A couple of thoughts, though not necessarily authoritative...
1. Ownership of 'sub-things': From my own reading (mostly, Jochen's documentation), the concept of ownership of Things expands upon QDOS's usual sense of a Job owning a resource (or other Job), in that, if managed correctly, Things
also maintain their own 'Usage' list of the Jobs currently USEing them, in addition to the ownership of the Thing itself (which is really just a memory allocation). There doesn't appear to be any 'ownership hierarchy' maintained beyond the usual QDOS Job tree.
Like any QDOS memory allocation, you can explicitly specify the (Job) owner of the Thing at creation time and thus, if a code-type Thing goes and creates a new Thing, the same ability to explicitly specify the new Thing's owner is available. If specified as '-1', then the (Job) owner of the original Thing will be applied to the new memory allocation/Thing, like any other resource.

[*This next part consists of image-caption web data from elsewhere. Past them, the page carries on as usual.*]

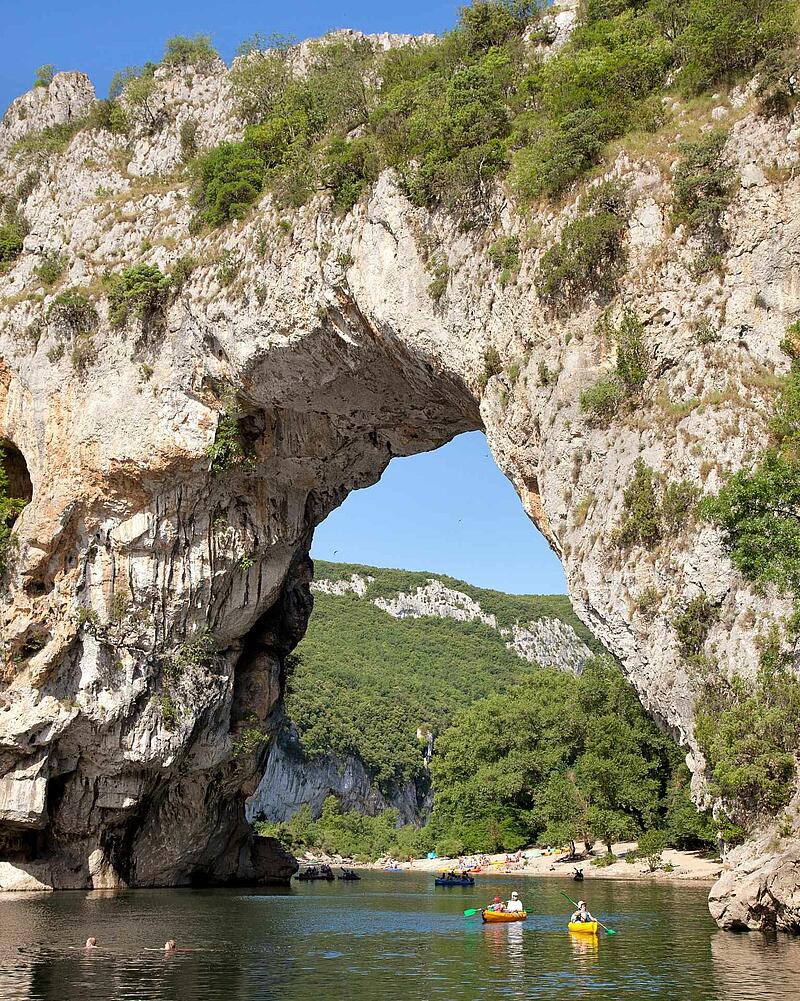 Kayaks and canoes floating on the river under the massive, natural limestone arch of the Pont d'Arc in the spectacular Ardèche Gorges.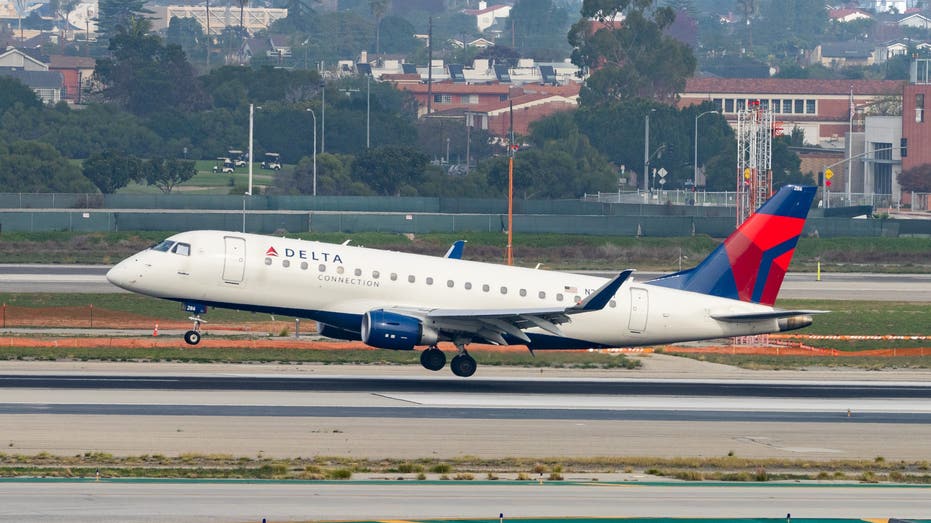 Delta air plane taking off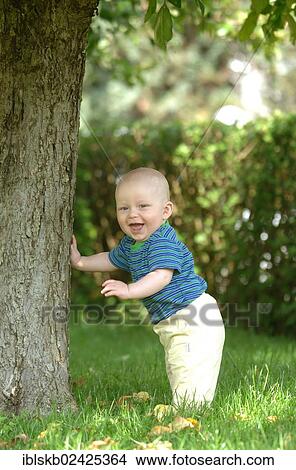 "Baby, one year, standing by a tree" View Large Photo Image Picture - "Baby, one year, standing by a tree". Fotosearch
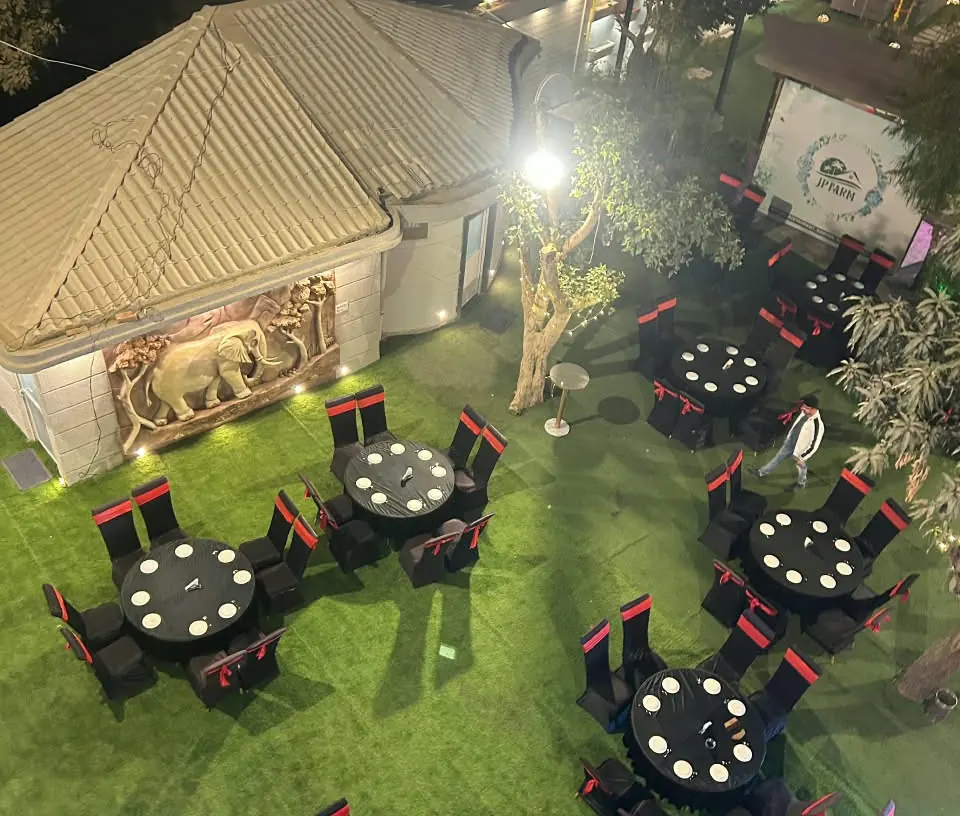 Wedding lawn lit at night at Hotel J P Farm, Jhansi
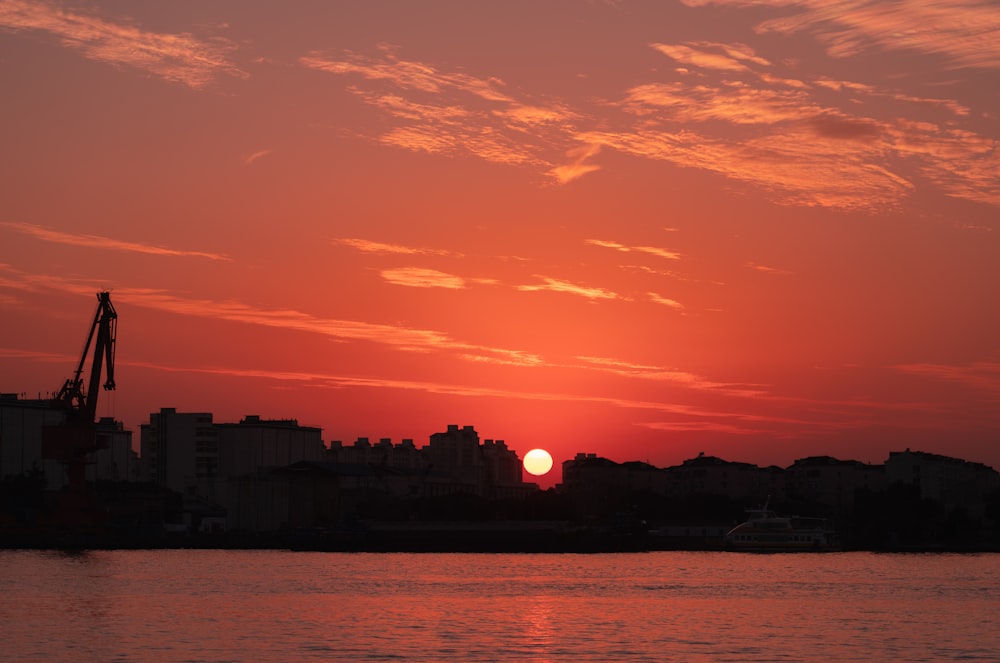 the sun is setting over a city on the water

The subtlety comes-in when a Thing itself is (force) removed - it will trigger the currently owning Job to also get killed (because the Job IDs are recorded in the Thing's Usage list) - along with any child Jobs in the usual QDOS way. If one of those Jobs happens to own the new Thing, then that too will get removed, and so on. Setting the Thing owner to '0' at creation time will, as with other resources, protect it from getting removed except from an explicit (force) Remove call.
[EDIT] Reading that back to myself, I see it could be more concisely stated as "Things have no ownership hierarchy of their own, but simply inherit the ownership of the Job that created them, or else was specified at creation time. In this regard they are no different from any other resource owed by a Job, e.g. a file, and, like a file, don't 'own' anything for themselves."
Not sure if that helps at all???
2. Creating a Thing: depending how you do it, its actually pretty straightforward and can be easily coded even without the help of HotKey System2 or SMSQe. A good example of creating (and later finding) a Thing can be found in SimonNG's DIYToolkit 'FlexiNet' (Vol. Y) - and with a bit of adaptation, I was able to use his approach successfully in the ND-MQ Net driver (for the QLUB.) The adaptation was to make it interact nicely with SMSQe, which, as a more recent extension, also adds (and expects) a simple byte-hash of the Thing name to be recorded in its linkage block. The ND-MQ Thing is a simple sort of creature, rather than a code-type thing, but creating them 'by hand' shouldn't be any different, or difficult. I used SnG's code as a base as I wanted the ND-MQ driver to run in both SMSQe as well as legacy QDOS without relying on the presence of HK System2.